1957 Transtar 1/2ton
1960 Larkvertible V8
1958 Provincial wagon
1953 Commander coupe
1957 President 2-dr
1955 President State
1951 Champion Biz cpe
1963 Daytona project FS

N8N
01-27-2006, 01:36 PM
Mr. Biggs - I forgot to mention that I would only do that immediately before changing the oil. Certainly don't want all that stuff floating around in the engine any length of time!

nate

--
55 Commander Starlight
62 Daytona hardtop
http://home.comcast.net/~njnagel

studegary
01-27-2006, 03:40 PM
I have had excellent results with Mopar Combustion Chamber Cleaner on numerous engines, both carb'd. and FI. I have seen engines that were to be torn down due to a "rod knock" brought back to excellent running condition with two cans of this stuff. I had a car that would knock, even on high test gasoline. A half of a can of this stuff and it was fine.
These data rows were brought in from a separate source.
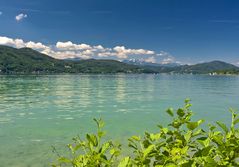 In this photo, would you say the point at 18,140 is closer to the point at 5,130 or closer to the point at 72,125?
the point at 5,130

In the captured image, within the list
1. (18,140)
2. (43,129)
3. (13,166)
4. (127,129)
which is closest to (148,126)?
(127,129)

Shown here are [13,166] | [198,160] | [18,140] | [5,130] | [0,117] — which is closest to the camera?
[198,160]

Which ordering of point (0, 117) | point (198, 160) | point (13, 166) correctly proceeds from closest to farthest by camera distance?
point (198, 160) → point (13, 166) → point (0, 117)

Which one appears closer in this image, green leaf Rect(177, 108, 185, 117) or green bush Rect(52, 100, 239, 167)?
green bush Rect(52, 100, 239, 167)

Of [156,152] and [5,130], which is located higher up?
[156,152]

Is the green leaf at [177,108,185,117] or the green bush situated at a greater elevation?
the green leaf at [177,108,185,117]

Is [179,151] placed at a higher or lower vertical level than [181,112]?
lower

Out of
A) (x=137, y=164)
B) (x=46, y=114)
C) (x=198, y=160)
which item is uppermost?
(x=198, y=160)

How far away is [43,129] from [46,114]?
374 inches

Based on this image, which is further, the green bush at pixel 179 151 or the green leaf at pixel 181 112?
the green leaf at pixel 181 112

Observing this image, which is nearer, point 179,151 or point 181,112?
point 179,151

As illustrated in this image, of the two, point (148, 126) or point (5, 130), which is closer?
point (5, 130)

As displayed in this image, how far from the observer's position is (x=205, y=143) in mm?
2438

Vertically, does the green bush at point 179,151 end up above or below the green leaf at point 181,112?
below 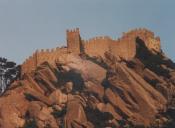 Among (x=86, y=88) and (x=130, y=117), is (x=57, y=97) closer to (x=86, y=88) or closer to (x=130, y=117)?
(x=86, y=88)

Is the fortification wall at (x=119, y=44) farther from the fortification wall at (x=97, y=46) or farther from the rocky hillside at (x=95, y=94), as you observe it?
the rocky hillside at (x=95, y=94)

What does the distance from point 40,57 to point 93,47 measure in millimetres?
7438

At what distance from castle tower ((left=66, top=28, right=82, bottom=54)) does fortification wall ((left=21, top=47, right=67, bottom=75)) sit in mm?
973

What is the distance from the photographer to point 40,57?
417 ft

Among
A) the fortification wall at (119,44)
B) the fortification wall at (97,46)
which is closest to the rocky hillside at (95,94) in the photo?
the fortification wall at (119,44)

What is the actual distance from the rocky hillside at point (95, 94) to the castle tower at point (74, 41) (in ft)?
6.51

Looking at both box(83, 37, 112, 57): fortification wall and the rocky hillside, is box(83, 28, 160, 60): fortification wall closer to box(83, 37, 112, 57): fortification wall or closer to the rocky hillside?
box(83, 37, 112, 57): fortification wall

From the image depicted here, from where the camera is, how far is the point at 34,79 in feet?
394

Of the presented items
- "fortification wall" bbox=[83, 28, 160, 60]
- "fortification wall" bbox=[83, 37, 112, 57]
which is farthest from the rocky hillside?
"fortification wall" bbox=[83, 37, 112, 57]

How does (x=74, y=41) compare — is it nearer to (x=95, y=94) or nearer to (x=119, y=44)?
(x=119, y=44)

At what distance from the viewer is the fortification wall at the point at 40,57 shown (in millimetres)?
126500

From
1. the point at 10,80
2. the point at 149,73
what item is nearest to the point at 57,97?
the point at 149,73

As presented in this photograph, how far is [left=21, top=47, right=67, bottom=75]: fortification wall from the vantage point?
126500 millimetres

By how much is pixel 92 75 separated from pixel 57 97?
643 centimetres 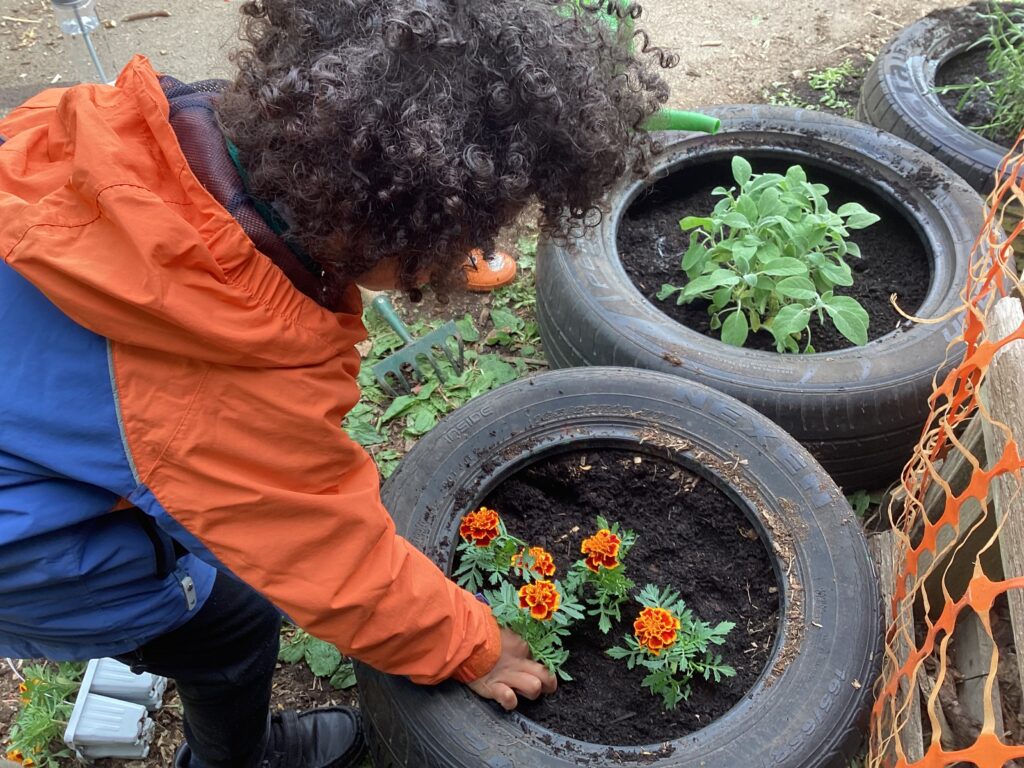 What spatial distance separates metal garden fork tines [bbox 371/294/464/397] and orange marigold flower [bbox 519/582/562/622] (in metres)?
1.40

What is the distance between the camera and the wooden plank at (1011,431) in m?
1.28

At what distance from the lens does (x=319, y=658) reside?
2203 millimetres

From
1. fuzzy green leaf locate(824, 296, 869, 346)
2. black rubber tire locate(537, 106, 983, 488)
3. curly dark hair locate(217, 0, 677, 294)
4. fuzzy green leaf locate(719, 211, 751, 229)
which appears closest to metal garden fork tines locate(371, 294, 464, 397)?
black rubber tire locate(537, 106, 983, 488)

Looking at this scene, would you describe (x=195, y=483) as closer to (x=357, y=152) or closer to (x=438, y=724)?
(x=357, y=152)

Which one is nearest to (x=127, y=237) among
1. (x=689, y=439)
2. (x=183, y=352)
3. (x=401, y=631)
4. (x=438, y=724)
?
(x=183, y=352)

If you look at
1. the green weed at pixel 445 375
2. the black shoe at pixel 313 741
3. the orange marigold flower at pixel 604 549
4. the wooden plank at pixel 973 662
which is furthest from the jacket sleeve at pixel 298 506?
the green weed at pixel 445 375

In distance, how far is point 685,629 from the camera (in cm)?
166

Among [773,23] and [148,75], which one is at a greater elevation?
[148,75]

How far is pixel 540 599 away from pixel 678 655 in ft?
1.11

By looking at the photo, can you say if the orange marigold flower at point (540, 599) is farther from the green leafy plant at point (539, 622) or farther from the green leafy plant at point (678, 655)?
the green leafy plant at point (678, 655)

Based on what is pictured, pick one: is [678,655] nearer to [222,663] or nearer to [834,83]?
[222,663]

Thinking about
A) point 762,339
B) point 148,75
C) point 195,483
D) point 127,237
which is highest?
point 148,75

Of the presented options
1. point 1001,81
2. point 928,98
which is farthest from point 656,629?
point 1001,81

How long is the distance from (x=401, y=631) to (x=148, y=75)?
3.01 ft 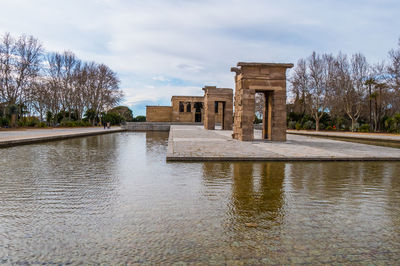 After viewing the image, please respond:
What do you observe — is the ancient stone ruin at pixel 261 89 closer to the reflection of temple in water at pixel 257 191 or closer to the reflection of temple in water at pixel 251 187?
the reflection of temple in water at pixel 251 187

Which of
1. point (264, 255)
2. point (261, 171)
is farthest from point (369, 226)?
point (261, 171)

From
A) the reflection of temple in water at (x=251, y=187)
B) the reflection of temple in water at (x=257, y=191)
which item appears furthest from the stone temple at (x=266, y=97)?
the reflection of temple in water at (x=257, y=191)

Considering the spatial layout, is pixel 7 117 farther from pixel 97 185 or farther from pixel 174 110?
pixel 97 185

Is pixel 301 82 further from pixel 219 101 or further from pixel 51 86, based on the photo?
pixel 51 86

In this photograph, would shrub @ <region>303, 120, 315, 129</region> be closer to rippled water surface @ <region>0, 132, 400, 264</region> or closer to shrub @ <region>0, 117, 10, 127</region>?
rippled water surface @ <region>0, 132, 400, 264</region>

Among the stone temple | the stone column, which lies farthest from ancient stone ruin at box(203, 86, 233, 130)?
the stone temple

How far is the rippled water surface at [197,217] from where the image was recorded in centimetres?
266

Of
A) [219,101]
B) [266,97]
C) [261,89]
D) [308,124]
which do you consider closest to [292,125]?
[308,124]

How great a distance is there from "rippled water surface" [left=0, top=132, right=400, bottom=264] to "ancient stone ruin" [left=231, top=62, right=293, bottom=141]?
835cm

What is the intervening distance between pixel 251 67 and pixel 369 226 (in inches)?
470

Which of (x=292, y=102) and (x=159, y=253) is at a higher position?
(x=292, y=102)

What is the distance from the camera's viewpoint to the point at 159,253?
2.66m

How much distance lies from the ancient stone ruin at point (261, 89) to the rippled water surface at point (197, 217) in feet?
27.4

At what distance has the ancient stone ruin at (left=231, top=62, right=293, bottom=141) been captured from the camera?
1445 centimetres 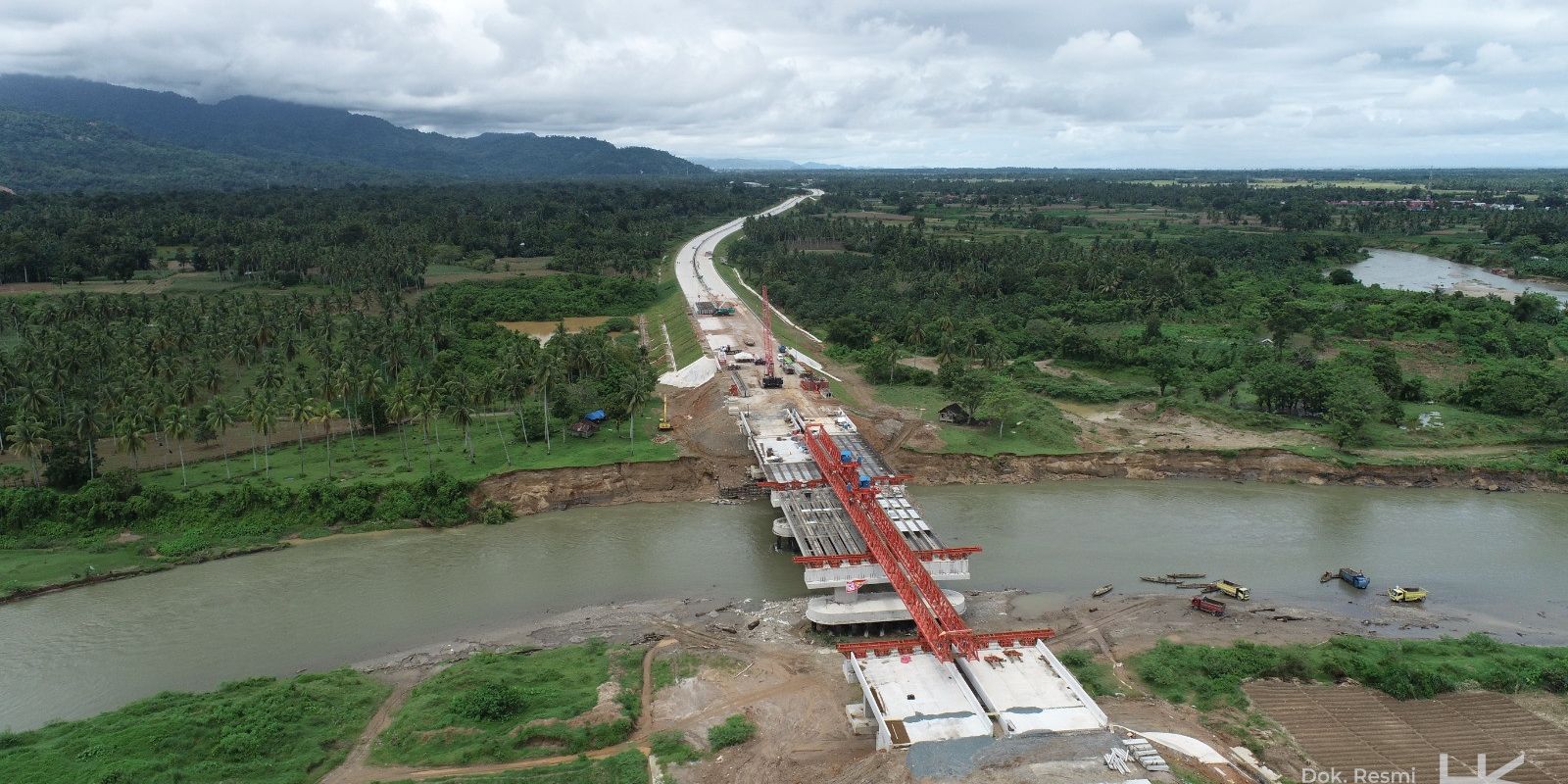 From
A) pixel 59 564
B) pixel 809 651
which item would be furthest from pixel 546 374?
pixel 809 651

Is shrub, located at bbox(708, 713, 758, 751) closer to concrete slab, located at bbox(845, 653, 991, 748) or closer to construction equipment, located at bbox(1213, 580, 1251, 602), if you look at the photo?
→ concrete slab, located at bbox(845, 653, 991, 748)

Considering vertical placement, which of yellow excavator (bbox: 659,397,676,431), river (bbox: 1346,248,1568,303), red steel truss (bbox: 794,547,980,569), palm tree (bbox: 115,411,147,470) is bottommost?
red steel truss (bbox: 794,547,980,569)

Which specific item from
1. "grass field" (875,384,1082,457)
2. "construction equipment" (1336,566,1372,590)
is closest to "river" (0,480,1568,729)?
"construction equipment" (1336,566,1372,590)

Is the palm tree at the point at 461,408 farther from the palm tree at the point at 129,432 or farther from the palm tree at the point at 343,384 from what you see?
the palm tree at the point at 129,432

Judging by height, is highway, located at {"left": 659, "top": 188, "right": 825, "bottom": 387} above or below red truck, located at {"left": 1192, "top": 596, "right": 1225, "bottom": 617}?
above

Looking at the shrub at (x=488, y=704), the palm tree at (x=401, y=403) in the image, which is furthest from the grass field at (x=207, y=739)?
the palm tree at (x=401, y=403)

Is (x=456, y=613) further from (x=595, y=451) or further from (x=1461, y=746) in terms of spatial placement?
(x=1461, y=746) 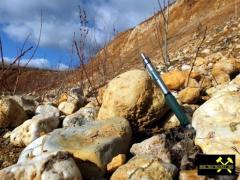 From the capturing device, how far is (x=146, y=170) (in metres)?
2.85

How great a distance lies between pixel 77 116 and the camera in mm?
4625

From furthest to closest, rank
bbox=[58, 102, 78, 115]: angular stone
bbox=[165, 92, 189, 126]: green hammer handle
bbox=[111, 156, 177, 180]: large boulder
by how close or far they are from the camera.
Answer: bbox=[58, 102, 78, 115]: angular stone < bbox=[165, 92, 189, 126]: green hammer handle < bbox=[111, 156, 177, 180]: large boulder

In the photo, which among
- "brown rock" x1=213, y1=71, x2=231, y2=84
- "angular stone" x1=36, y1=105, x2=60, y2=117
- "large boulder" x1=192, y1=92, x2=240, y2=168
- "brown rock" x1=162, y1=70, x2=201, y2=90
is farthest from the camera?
"brown rock" x1=213, y1=71, x2=231, y2=84

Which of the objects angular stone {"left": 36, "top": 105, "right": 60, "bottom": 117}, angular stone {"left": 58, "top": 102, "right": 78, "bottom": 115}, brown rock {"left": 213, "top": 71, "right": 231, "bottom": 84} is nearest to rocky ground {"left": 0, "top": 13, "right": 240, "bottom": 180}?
angular stone {"left": 36, "top": 105, "right": 60, "bottom": 117}

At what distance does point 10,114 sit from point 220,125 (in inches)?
95.1

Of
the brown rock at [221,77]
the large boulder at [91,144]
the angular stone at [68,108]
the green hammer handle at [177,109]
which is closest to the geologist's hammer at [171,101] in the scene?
the green hammer handle at [177,109]

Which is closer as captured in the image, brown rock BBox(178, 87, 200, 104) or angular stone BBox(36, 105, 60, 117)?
brown rock BBox(178, 87, 200, 104)

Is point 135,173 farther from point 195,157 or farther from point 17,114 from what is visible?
point 17,114

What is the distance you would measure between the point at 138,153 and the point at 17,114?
6.44 feet

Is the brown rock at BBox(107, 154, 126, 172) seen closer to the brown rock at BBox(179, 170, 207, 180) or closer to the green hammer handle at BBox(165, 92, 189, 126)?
the brown rock at BBox(179, 170, 207, 180)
It comes in a 13 OZ spray can and the Mopar part number is 04318001. I think that it is only available at the parts department at DaimlerChrysler dealers. Follow directions on the can.

Mike Van Veghten
01-27-2006, 05:54 PM
I use the Valvoline (mostly) and Redline fuel system cleaners....

At least I know for a fact that these two work very well from the port all the way to the piston top and upper cylinder wall at cleaning and keeping things clean.

Just pour in into the fuel tank every oil change.

Water also works...but it's an over time thing. The old water injection system works well. Five minutes in the driveway spraying water down the carburetor isn't gonna do much.
It's easier to just use the fuel system cleaner. That's what it's designed for.